I had come within an inch of losing all my movement and, by the grace of God, still lived to tell the tale. I had learned so much, but above all, I had gained an understanding of the cards I had been playing with.
The problem now was that I had no job and no income.
Earning a living and following your heart can so often pull you in different directions, and I knew I wasn’t the first person to feel that strain.
My decision to climb Everest was a bit of a “do or die” mission.
If I climbed it and became one of the youngest climbers ever to have reached the summit, then I had at least a sporting chance of getting some sort of job in the expedition world afterward--either doing talks or leading treks.

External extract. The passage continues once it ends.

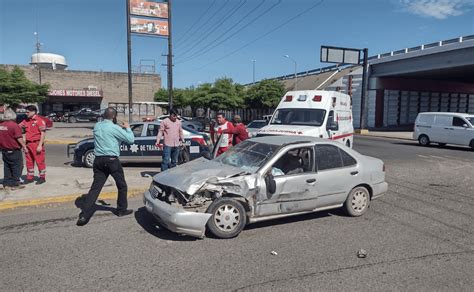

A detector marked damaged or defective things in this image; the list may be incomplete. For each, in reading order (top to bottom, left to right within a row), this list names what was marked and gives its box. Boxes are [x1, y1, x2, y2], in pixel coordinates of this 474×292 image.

shattered windshield [270, 108, 326, 125]
shattered windshield [214, 140, 280, 172]
crumpled hood [154, 157, 246, 194]
severely damaged car [143, 136, 386, 238]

I would be able to use it as a springboard to raise sponsorship to do some other expeditions.
But on the other hand, if I failed, I would either be dead on the mountain or back home and broke--with no job and no qualifications.
The reality was that it wasn’t a hard decision for me to make. Deep down in my bones, I just knew it was the right thing to do: to go for it.
Plus I have never been one to be too scared of that old imposter: failure.
I had never climbed for people’s admiration; I had always climbed because I was half-decent at it--and now I had an avenue, through Everest, to explore that talent further.
I also figured that if I failed, well at least I would fail while attempting something big and bold. I liked that.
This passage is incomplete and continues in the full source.